Ellinor could not leave him a prey to the freakish humours of the company at such a moment. His brain seemed to work with an extraordinary clarity and vigour, his worn frame seemed to have regained an energy and elasticity it could not have known these twenty years. And the contrast between his aspect of æthereal age and the youthful exuberance of joy now written on his features struck her as alarming in the extreme.
Her anxiety was not lessened when Master Simon now wound up his first oration by proclaiming that, after various long hours of work, he had at last extracted so pure an essence of the Euphrosine that one drop had sufficed to produce this result upon himself.
“Then, surely, father,” she cried, “you have prepared a dangerous drug! Out of its beneficence you must have drawn a deadly poison——”

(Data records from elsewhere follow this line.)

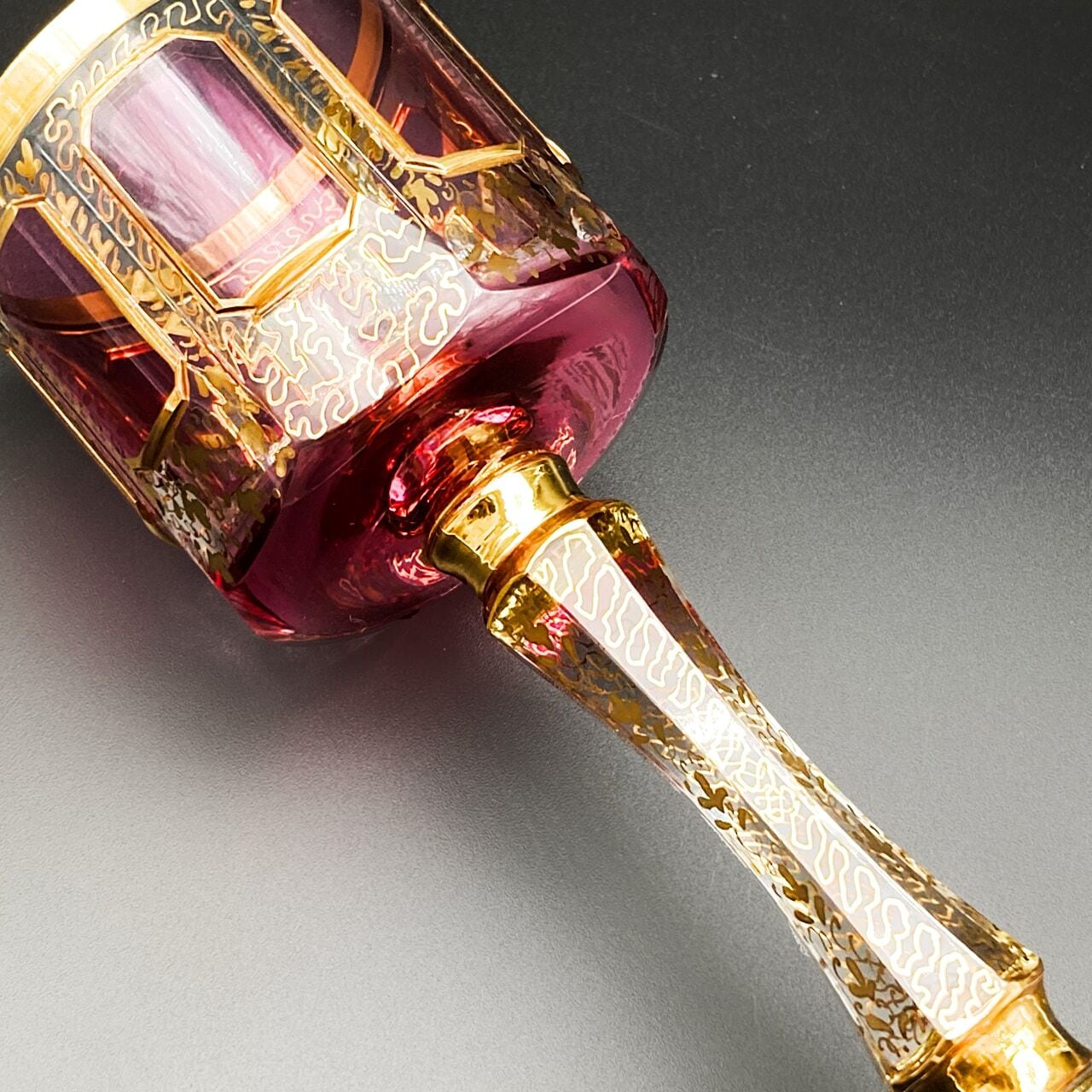 ボヘミアガラス エーゲルマン パネルグラス ワイングラス ロゼ 金彩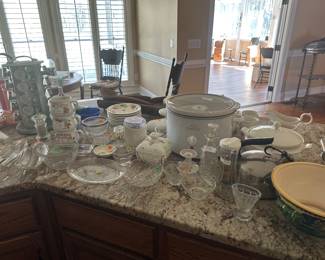 Kitchen pieces, cake risers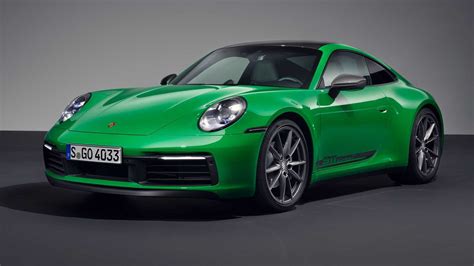 2023 Porsche 911 Carrera T Debuts With Seven-Speed Stick, No Back Seat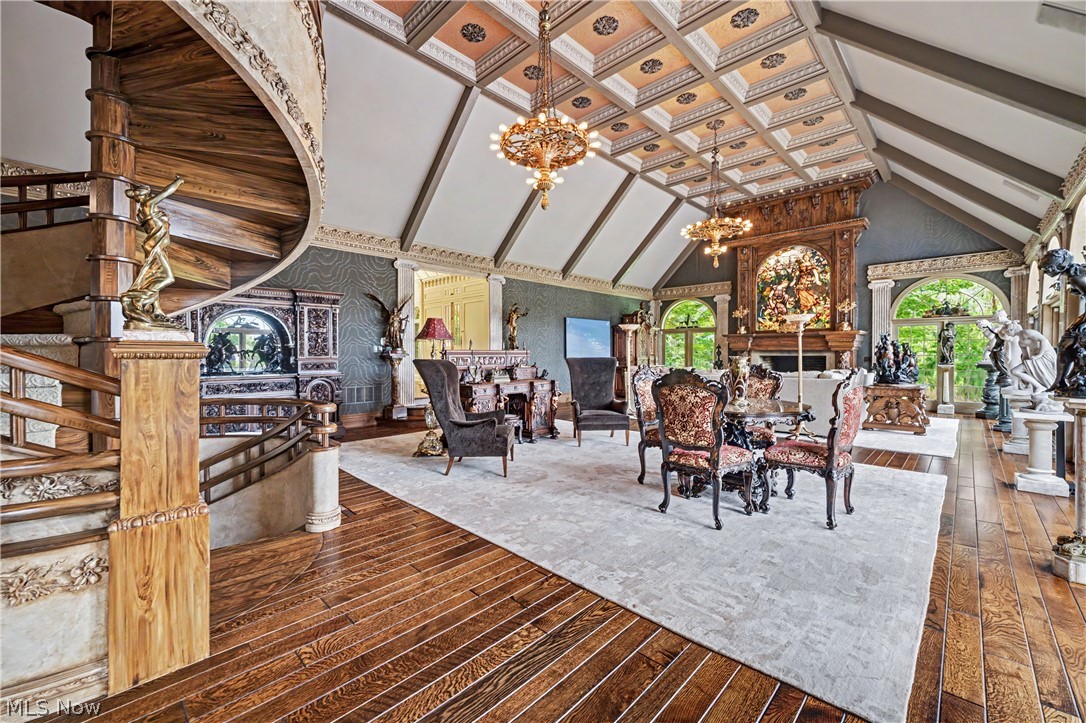 3083 Oxbow Road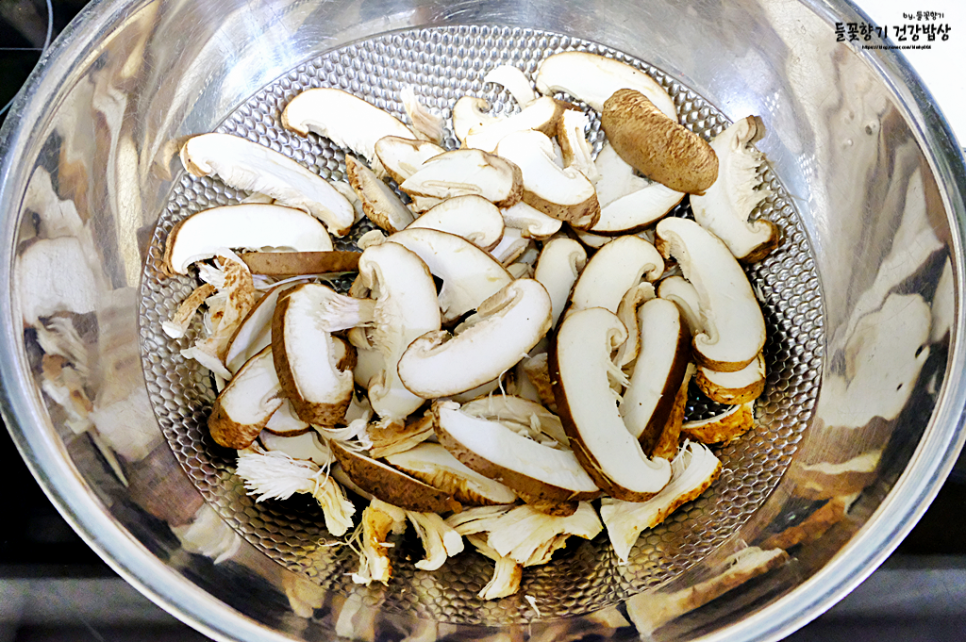 생 표고버섯볶음 표고버섯요리 가정식 반찬거리
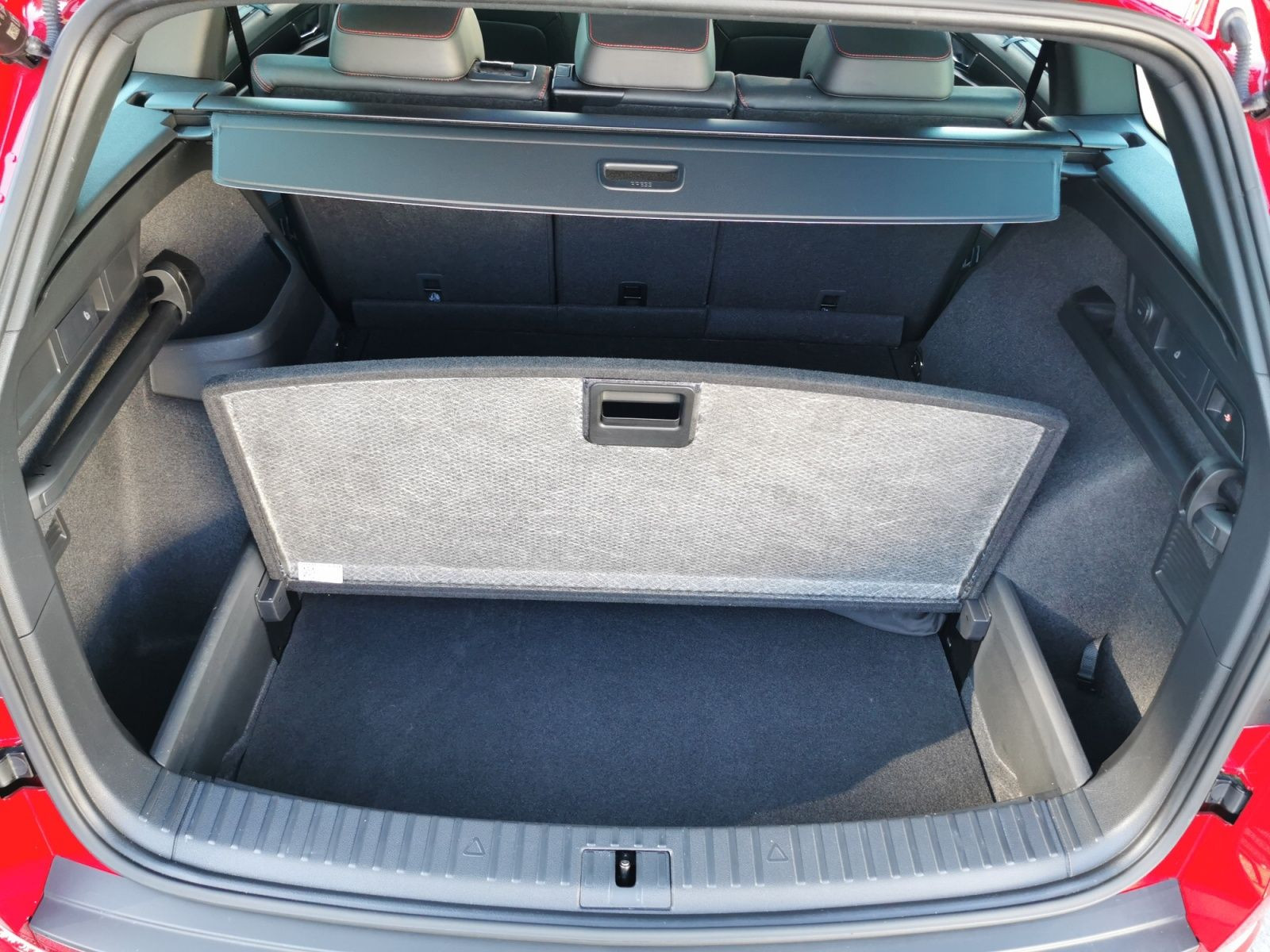 Fahrzeugabbildung SKODA Kodiaq RS 2.0 4x4 +PANO+AHK+STANDH
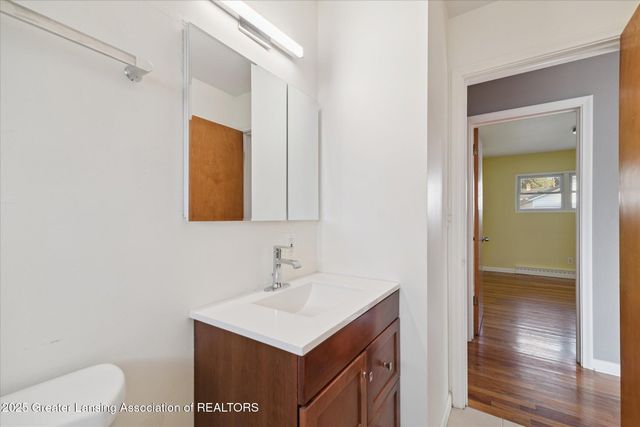 1226 N Hayford Avenue, Lansing, MI 48912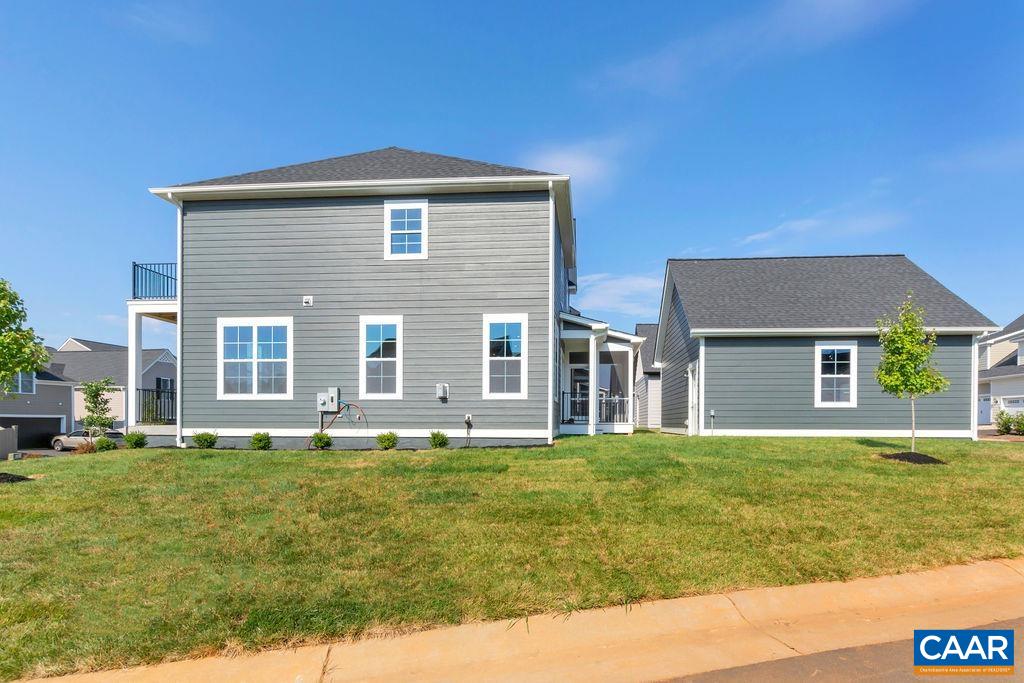 27 RAYNOR PL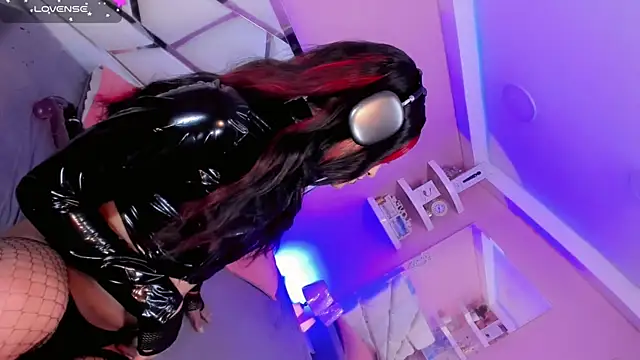 Ariia-janee online show from 4, 11, 2025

Lady Lochore had seated herself on the bench on the other side of the old student. She evinced a great interest in his remarks; encouraged him by exclamation, laughter and question to further garrulity. At Ellinor’s words she lifted her head with a sudden quick movement, like that of a stag on the alert. And into her eyes flashed a look so eager, and so evil, that she herself, in consciousness of it, instantly dropped the lids over them. She felt Harcourt’s glance upon her.
“Poison,” said she, feigning to yawn. “Oh, fie! then I’ll have none of your remedy.”